What is required
The data below is to be written out exactly, with no pictures.

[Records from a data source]
--- START ---

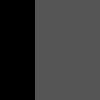 black-grey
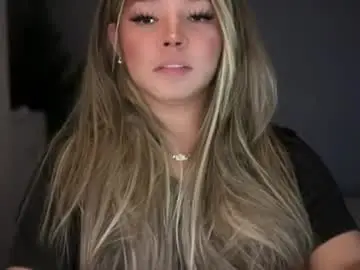 Chaturbate Watch Live Sex Cams of _seductive_jane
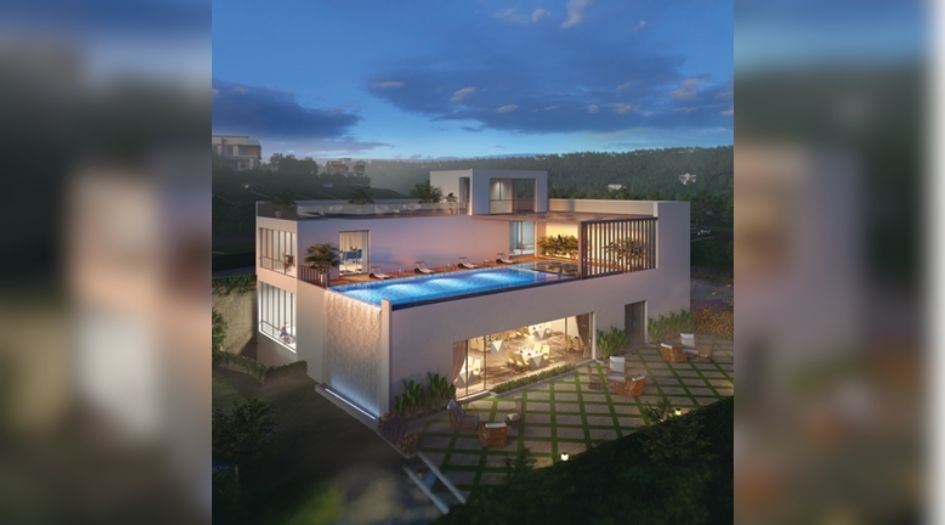 Paranjape-Kaleidoscope-Elevation (2)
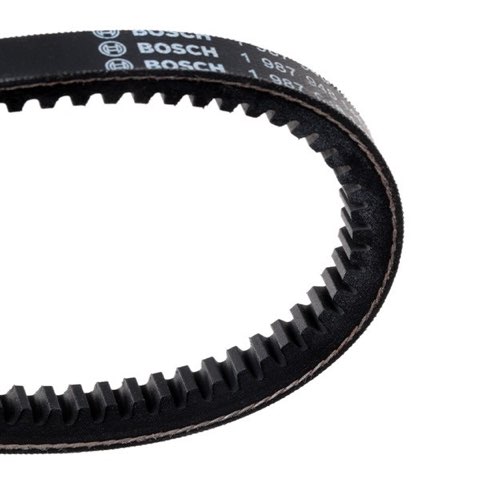 Bosch 1 987 948 146 V-Belt, photo 3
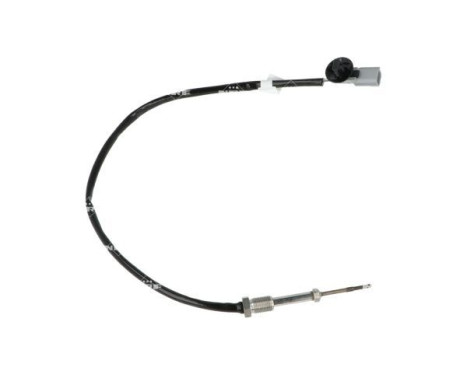 Sensor, exhaust gas temperature EASY FIT, Image 4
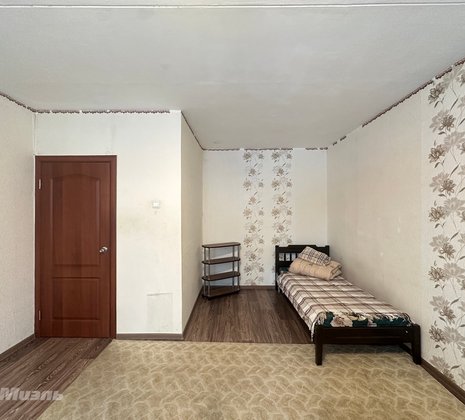 1-комнатная квартира в г. Балашиха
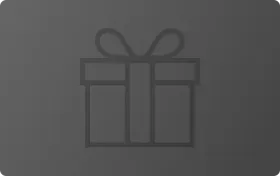 Amphora Argentina Gift Card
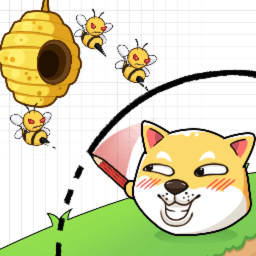 解谜烧脑王者最新版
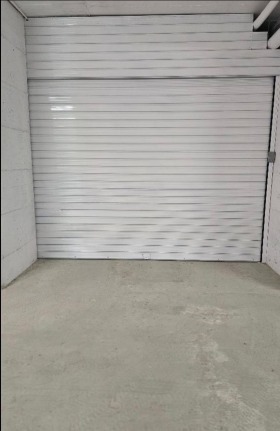 ������ ������� �����, ����������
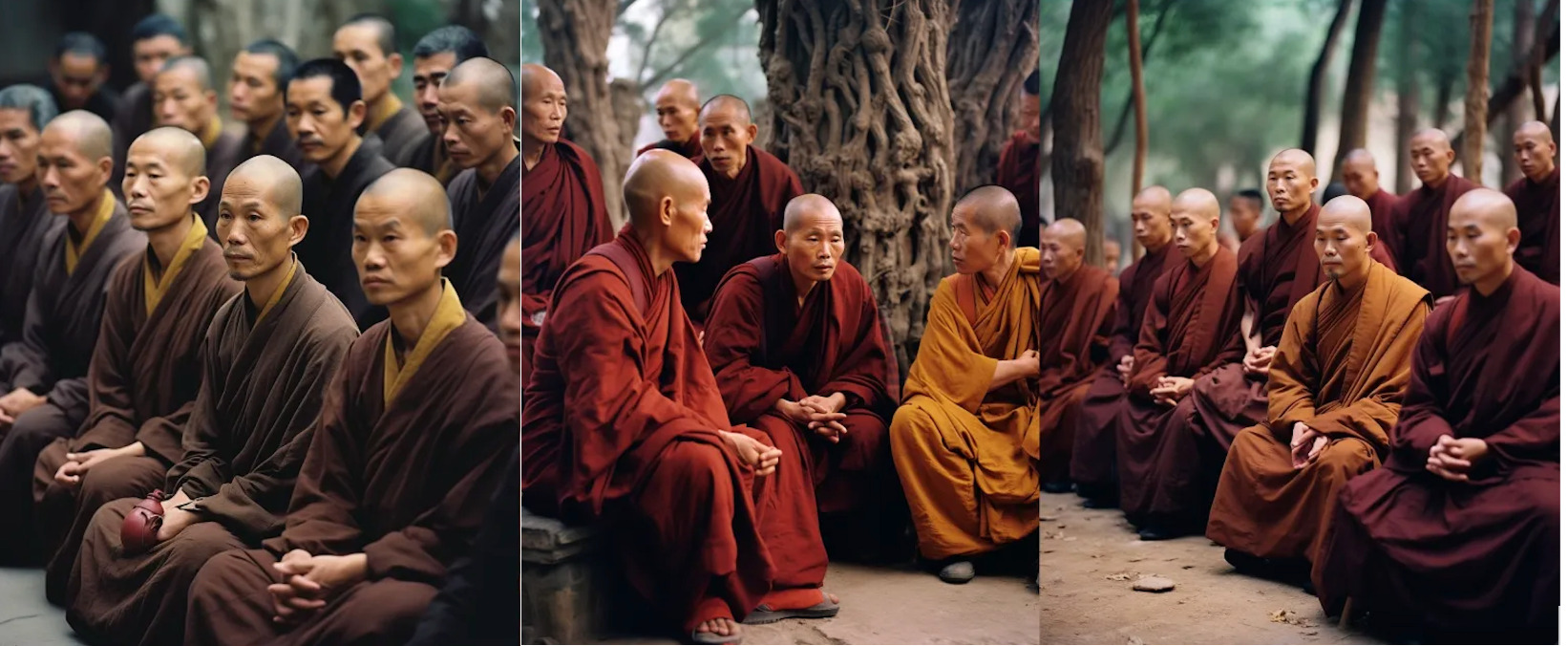 Capture d’écran 2023-05-31 à 08.18.00.png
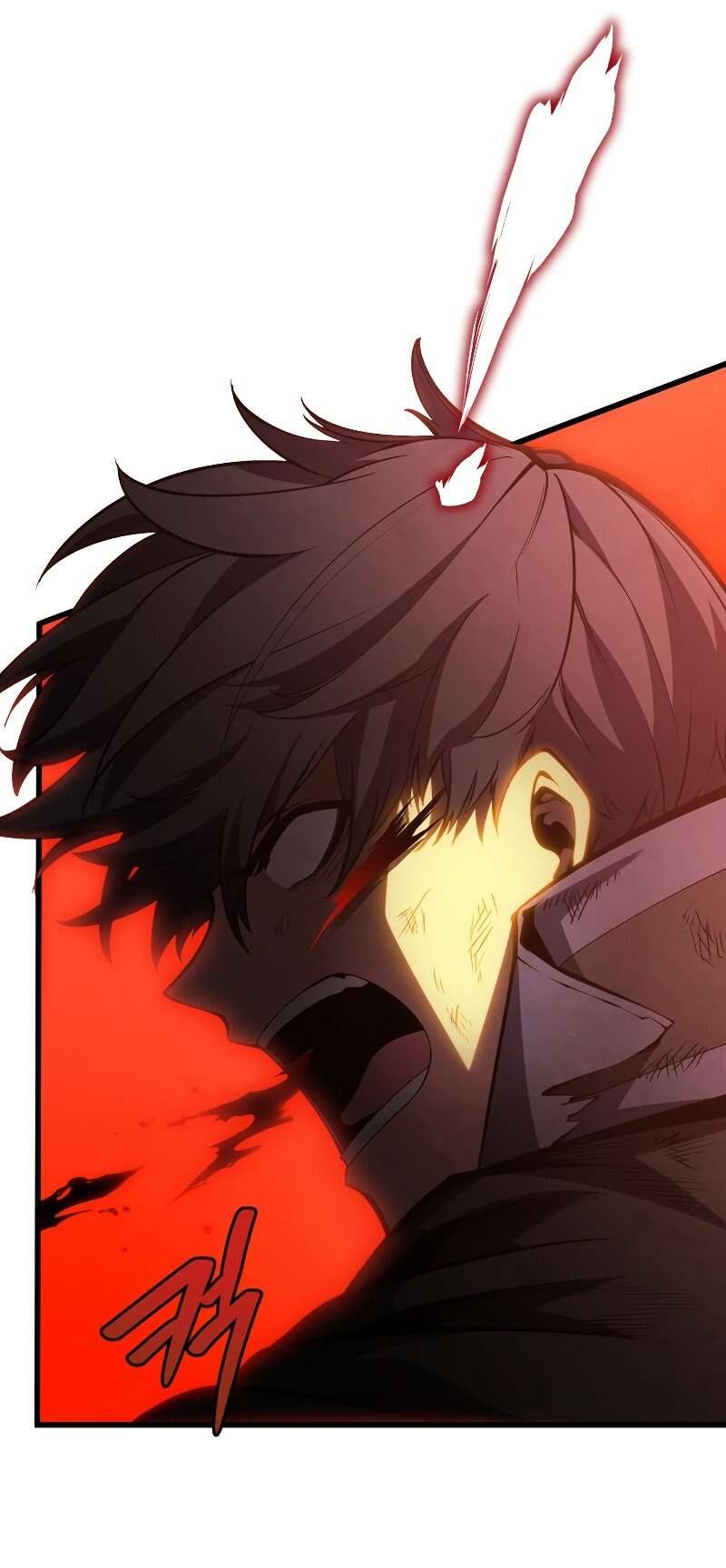 Read Swordmaster’s Youngest Son Scan Manga Online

--- END ---

Your response
 black-grey
 Chaturbate Watch Live Sex Cams of _seductive_jane
 Paranjape-Kaleidoscope-Elevation (2)
 Bosch 1 987 948 146 V-Belt, photo 3
 Sensor, exhaust gas temperature EASY FIT, Image 4
 1-комнатная квартира в г. Балашиха
 Amphora Argentina Gift Card
 解谜烧脑王者最新版
 ������ ������� �����, ����������
 Capture d’écran 2023-05-31 à 08.18.00.png
 Read Swordmaster’s Youngest Son Scan Manga Online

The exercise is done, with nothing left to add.